What is needed – Wherever the line with "Magnetic straps securing" sits in the listing below, transcribe from it up to and including the line with "Expansive backyard featuring", exactly, and leave the remaining lines out.

Provided entries –
──────────

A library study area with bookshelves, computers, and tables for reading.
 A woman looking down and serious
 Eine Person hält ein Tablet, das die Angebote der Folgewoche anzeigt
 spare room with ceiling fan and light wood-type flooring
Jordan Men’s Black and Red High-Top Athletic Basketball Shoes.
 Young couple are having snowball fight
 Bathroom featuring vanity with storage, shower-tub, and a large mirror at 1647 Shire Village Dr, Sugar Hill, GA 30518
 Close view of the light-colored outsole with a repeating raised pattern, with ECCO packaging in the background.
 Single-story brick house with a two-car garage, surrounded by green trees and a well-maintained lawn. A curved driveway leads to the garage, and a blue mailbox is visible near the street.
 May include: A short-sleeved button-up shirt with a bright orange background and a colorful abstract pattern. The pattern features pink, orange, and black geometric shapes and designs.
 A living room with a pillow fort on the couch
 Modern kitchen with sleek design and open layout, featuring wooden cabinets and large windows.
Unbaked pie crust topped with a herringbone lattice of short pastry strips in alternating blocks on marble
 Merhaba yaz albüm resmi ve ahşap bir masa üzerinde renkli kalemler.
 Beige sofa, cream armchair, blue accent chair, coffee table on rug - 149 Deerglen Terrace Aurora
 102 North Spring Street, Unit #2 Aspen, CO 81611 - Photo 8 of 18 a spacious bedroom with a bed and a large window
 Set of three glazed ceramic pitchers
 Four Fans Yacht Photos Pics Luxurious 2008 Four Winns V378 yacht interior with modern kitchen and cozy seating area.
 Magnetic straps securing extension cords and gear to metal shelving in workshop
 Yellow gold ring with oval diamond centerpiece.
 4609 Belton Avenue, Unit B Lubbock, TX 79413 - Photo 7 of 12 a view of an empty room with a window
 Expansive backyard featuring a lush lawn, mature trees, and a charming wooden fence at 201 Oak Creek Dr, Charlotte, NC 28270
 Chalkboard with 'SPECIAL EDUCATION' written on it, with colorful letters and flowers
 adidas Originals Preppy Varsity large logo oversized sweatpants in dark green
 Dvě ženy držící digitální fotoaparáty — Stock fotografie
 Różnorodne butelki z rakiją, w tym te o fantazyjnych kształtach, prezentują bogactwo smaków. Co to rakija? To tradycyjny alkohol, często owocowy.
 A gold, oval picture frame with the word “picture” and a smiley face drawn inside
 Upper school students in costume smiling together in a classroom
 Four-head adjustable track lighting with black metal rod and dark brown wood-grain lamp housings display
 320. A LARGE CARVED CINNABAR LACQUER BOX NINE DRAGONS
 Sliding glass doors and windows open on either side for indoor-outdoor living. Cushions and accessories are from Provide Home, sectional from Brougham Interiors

──────────

Solution for this task –
 Magnetic straps securing extension cords and gear to metal shelving in workshop
 Yellow gold ring with oval diamond centerpiece.
 4609 Belton Avenue, Unit B Lubbock, TX 79413 - Photo 7 of 12 a view of an empty room with a window
 Expansive backyard featuring a lush lawn, mature trees, and a charming wooden fence at 201 Oak Creek Dr, Charlotte, NC 28270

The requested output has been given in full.